Keduanya turun menuju ke ruang tamu. Ayah dan bunda Ratih sudah menunggu di sana. Ayah bundanya menyambut dengan penuh kebanggaan, putrinya lulus dengan predikat cumlaude. Rangkaian bunga ucapan selamat memenuhi ruang tamu dan ruang duduk dari keluarganya. Salah satu diantaranya dari Toni. Ratih mencibir, namun ada rasa sakit yang menoreh dinding hatinya. Tak terasa netra cantiknya merebak berkaca-kaca. Tanpa disadari cinta kepada suaminya mulai tumbuh di hatinya.
Waktu luangnya Ratih pergunakan untuk banyak membaca buku tentang pernikahan. Dia mulai belajar menjadi istri yang baik mengikuti nasehat kedua orang tuanya dan contoh dari ibu mertuanya. Kasih sayang dan keberpihakan mertuanya juga menyemangatinya untuk bersabar menghadapi perlakuan suaminya. Hingga suatu hari …
“Mas, kau ada dimana?” tanya Ratih.
“Di Semarang. Ada apa? Kekurangan uang?” tanyanya ketus. Ratih cemberut sambil mengelus dada.
“Minggu depan, Mamah ulang tahun.

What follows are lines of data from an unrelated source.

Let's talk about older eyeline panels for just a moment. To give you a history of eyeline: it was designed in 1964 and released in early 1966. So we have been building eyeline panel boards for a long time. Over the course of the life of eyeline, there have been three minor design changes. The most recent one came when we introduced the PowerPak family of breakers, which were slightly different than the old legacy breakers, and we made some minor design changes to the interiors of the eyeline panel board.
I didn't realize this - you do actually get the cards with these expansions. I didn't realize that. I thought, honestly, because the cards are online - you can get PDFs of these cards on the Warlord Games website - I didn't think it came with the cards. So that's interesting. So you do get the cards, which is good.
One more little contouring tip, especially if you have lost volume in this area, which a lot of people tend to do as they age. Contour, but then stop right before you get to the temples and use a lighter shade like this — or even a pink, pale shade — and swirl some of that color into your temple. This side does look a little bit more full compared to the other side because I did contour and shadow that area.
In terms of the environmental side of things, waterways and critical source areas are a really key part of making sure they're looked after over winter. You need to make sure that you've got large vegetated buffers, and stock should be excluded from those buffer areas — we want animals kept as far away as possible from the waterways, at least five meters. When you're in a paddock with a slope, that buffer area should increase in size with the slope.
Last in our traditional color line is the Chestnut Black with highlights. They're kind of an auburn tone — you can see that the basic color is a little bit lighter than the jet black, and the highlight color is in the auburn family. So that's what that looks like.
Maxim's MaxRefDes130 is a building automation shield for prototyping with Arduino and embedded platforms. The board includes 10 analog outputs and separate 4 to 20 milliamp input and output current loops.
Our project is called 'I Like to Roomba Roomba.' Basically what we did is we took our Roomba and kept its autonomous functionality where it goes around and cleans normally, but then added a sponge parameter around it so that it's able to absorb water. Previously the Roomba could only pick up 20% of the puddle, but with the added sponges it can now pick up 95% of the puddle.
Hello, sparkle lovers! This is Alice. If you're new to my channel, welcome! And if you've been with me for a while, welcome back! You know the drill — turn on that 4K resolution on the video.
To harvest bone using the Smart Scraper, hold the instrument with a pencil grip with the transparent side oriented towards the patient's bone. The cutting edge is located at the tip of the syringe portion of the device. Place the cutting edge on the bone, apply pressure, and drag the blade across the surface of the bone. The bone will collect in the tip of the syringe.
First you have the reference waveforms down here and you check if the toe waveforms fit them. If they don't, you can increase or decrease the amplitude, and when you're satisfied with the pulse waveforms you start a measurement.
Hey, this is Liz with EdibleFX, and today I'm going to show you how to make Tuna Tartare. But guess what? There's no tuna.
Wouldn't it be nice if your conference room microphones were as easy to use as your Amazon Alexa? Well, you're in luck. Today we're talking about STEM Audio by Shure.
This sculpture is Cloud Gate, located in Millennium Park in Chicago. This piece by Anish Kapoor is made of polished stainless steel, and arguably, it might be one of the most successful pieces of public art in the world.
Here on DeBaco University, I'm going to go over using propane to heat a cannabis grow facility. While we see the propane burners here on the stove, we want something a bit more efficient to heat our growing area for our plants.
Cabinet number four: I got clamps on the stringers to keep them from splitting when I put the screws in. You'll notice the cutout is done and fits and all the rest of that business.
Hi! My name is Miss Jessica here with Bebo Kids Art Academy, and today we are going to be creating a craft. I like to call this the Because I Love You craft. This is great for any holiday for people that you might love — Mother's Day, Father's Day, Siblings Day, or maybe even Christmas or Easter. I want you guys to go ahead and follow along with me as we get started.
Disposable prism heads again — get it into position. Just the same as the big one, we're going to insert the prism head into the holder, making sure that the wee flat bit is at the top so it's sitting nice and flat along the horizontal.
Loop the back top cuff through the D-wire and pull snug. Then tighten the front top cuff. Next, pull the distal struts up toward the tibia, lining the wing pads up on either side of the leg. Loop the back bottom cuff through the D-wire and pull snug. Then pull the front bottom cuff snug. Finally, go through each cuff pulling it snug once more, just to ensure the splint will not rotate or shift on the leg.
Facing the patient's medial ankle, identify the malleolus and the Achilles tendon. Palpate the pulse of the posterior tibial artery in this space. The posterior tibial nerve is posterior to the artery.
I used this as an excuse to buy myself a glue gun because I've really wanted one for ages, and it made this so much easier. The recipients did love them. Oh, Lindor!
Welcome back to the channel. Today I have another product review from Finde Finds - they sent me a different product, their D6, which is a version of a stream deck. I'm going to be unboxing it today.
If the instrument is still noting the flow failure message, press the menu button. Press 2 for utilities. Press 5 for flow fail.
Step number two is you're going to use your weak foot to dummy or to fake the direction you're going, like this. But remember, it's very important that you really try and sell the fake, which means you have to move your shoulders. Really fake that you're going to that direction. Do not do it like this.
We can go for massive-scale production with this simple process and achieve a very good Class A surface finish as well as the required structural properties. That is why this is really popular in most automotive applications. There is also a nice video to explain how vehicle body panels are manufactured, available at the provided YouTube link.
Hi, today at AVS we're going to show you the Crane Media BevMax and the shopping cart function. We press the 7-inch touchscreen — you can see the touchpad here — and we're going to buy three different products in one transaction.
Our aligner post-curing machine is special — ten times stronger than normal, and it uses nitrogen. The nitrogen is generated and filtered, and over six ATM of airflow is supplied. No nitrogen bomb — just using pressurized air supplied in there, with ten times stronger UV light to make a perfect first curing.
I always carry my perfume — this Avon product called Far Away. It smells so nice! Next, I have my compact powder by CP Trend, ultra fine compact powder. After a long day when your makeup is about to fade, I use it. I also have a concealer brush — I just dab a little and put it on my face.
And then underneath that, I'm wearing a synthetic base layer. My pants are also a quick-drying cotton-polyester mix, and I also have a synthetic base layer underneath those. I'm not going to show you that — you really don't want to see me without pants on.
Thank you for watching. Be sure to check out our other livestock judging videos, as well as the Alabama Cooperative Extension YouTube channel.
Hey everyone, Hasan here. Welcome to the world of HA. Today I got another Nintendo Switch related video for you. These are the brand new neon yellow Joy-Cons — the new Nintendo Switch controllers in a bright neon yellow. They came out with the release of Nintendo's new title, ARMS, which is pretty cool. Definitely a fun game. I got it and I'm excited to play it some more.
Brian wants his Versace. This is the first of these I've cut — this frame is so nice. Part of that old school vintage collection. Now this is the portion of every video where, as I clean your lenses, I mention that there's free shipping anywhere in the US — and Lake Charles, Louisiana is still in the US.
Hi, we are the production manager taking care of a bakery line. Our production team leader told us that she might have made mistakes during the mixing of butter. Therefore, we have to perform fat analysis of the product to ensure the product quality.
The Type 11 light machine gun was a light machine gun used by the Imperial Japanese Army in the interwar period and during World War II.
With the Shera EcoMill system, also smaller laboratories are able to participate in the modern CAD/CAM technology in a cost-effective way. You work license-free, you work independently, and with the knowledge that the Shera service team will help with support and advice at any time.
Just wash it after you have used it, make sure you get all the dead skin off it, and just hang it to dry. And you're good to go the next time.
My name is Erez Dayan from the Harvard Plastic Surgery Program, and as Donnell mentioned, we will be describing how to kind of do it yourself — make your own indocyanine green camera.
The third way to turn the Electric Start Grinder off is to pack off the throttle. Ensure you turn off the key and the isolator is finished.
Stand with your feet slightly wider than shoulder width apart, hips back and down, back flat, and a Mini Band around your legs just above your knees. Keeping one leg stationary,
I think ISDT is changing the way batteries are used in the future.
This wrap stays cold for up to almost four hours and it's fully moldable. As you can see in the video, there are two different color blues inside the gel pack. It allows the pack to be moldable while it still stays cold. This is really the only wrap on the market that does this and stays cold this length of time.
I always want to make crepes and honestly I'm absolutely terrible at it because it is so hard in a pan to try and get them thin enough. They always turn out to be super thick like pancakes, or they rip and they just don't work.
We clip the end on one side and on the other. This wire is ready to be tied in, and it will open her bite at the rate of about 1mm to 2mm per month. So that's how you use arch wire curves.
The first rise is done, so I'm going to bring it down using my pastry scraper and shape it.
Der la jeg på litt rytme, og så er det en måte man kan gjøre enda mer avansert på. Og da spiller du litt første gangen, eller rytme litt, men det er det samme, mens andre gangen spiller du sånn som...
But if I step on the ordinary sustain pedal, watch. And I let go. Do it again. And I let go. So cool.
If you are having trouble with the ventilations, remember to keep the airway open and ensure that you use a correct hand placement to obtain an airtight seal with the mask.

Papah mau bikin kejutan. Mas pulang, kan? Pulang ya, Papah sudah mengaturnya! Bye … sampai nanti!” dengan kesal Ratih memutus hubungan tanpa menunggu jawaban. Dia mendengus, “huuuh, menyebalkan. Sabaar Ratih, sabar … tahun pertama sebentar lagi berlalu! Tepat di hari ultah Mamah, setahun wedding anniversary kami!”
Dirinya sudah mengirim proposal pendaftaran dan melakukan tes masuk Technical University of Munich. Tinggal menunggu jawaban diterima atau ditolak. Ratih mengambil Master of Science bidang Agriculture selama 4 semester. Dia sedang mengikuti kursus bahasa Jerman baik luring maupun daring. Untuk percakapan bahasa jerman, lumayan lancar.